## Supplied information

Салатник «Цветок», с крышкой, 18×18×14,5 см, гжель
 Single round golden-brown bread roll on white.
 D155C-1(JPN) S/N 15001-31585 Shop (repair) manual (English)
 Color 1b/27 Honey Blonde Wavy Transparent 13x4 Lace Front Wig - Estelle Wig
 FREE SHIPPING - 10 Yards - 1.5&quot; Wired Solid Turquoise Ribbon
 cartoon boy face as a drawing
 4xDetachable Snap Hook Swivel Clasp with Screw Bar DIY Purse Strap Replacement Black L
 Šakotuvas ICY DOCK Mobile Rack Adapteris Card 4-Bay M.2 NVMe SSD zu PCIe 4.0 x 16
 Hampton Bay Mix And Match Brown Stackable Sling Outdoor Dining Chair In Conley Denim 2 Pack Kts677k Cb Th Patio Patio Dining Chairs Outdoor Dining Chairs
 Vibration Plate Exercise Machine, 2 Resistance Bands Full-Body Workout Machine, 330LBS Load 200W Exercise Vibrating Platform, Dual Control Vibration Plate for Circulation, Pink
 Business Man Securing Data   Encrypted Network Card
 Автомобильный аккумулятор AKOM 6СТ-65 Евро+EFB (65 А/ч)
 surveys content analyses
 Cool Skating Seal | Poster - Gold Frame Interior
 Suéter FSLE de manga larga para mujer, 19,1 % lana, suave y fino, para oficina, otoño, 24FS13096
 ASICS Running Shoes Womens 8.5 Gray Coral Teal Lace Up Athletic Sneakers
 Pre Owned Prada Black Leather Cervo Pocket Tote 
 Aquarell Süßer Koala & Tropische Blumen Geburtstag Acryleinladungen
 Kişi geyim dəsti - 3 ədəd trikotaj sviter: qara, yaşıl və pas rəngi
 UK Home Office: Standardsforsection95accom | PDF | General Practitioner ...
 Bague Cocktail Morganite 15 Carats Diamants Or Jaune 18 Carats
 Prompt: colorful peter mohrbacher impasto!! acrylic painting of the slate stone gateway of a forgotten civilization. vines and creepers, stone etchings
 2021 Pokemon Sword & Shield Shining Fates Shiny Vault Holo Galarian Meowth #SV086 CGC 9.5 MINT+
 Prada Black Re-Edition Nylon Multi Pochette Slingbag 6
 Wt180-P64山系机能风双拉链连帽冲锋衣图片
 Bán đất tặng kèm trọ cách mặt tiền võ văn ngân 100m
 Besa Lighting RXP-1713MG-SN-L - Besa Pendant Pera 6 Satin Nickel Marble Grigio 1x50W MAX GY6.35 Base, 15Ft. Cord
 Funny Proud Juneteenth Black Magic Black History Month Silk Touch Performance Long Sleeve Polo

## Try it
Word for word, restate the lines above from the line containing "Šakotuvas ICY DOCK" through the line containing "Vibration Plate Exercise", with both included and nothing else.

## Reply to the task
 Šakotuvas ICY DOCK Mobile Rack Adapteris Card 4-Bay M.2 NVMe SSD zu PCIe 4.0 x 16
 Hampton Bay Mix And Match Brown Stackable Sling Outdoor Dining Chair In Conley Denim 2 Pack Kts677k Cb Th Patio Patio Dining Chairs Outdoor Dining Chairs
 Vibration Plate Exercise Machine, 2 Resistance Bands Full-Body Workout Machine, 330LBS Load 200W Exercise Vibrating Platform, Dual Control Vibration Plate for Circulation, Pink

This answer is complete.